A few years ago, when I was a naive fresh graduate in my first job, I met a friend of mine to understand more about financial planning and insurance. My knowledge then was limited – I knew I needed to invest and buy insurance, but I didn’t know what was essential to get. Furthermore, at that time all I wanted to focus on was to put in my best effort at work so that I could get promoted and climb the corporate ladder.

Insurance was the last thing on my mind. So I went with my friend’s advice, thinking that as a financial advisor, they’ll probably know better than I. He recommended me an ILP, I briefly read through the policy and asked some questions, and then I stupidly thought I knew everything. I didn’t quite know how to read the benefits and premiums table, so I simply took him at his word.

A few years passed and my career reached a more stable stage. I then decided to take a second look at my policy, and was shocked when I learnt how to read the numbers and realized the hard truth of what I had signed up for.

I signed on the above, but did not truly understand what I was committing myself to. The terms and conditions were NOT clearly explained to me in the way I’ve dissected it below, and if I had known these earlier, there was no way I would have signed up for such a plan.

Regular readers will know that I announced on my blog sometime back that I had cancelled my ILP policy, but I’ve never gone into details to explain why I did so. Part of the reason was also fear – I was worried that if I reveal this, I’ll get screwed over by insurance agents on my blog or even sued by insurance companies for ruining their rice-bowls. Back then, there weren’t as much people writing about ILPs as there are today. But despite more information, there still isn’t a resource from a consumer point of view on what these ILPs really mean to an individual, so I’ve decided to finally share my story about why I cancelled an ILP plan that didn’t work for me.

For confidentiality, I will not be sharing the name of the plan I bought.

This table above is the benefits illustration table. If you compare columns 2 and 6 (where my agent pointed me to), the policy looks good, doesn’t it?

Put in $72,000 over 40 years and get $176,561 back! That’s $100,000 FREE!

What I didn’t know then was that if I put my money elsewhere, at 8% I’ll be getting $500,000 instead – FIVE TIMES MORE! (Remember this figure, I’ll come back to this later.) But of course, my agent didn’t tell me this. To give him the benefit of doubt, I’m not sure if he even knows such an alternative (easily) exists?
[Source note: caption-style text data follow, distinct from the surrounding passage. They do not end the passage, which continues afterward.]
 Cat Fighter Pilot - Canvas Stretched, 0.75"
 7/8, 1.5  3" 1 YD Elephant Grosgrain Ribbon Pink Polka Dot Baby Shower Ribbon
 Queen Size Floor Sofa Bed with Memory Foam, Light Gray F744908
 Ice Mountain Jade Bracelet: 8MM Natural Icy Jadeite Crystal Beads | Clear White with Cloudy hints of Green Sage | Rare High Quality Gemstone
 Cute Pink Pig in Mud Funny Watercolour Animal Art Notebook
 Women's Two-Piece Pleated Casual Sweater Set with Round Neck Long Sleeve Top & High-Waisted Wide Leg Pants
Why such a jarring discrepancy?

The answer lies in the high costs charged to the consumer for the ILP. Aside from paying your agent their commissions, you also pay a lot of money just for them to manage the funds for you. Over 40 years, this works out to be $327,045 on my plan, leaving me with only $176k for myself.

Add up both figures and you’ll get $500k. Now do you know why I said earlier that I should be getting $500k back instead for the same amount of money invested?

I then decided to calculate how much I’m paying for these distribution costs. Divide $24,534 by $75,600 and that works out to be 32.4%. These are fixed expenses – no matter whether my policy makes money or not, the insurance company still gets paid.

32% is a LOT of money. That’s like me telling someone, “hey give me your money to invest for you. Whether or not you make or lose money, you still have to pay me 1/3 of the total capital though!”

Would you take up this business proposal? Probably not. I don’t know why I was stupid enough to say yes to this back then, and paid a price for this naivety. 

My agent pointed this clause in the T&Cs for me. When explained this way, it does seem like a good proposition – “it is not an additional cost to you!

But even if they earn 8%, you will NOT be getting that much, so don’t be fooled by your agent into thinking that you will. Take a look at the clause below to understand why.

Both 4% and 8% are used, and the inclusion of the 8% column does make the benefit illustration table so much more appealing (and an easier sell). My agent focused more on this, saying that leaving my money in the hands of experts who know how to invest will probably be better than if I invested myself.

In reality, what are the REAL investment returns by these experts? Less than 8%. Check out the data reported by the Straits Times here.

Now let’s examine what happens if my policy makes a more plausible 4% p.a. instead. Since my money is growing, I should be benefiting, right?

WRONG. This gets even more shocking: I get back LESS of my total capital even if my money grows at 4% p.a. To be exact, I’ll stand to lose $10,447. 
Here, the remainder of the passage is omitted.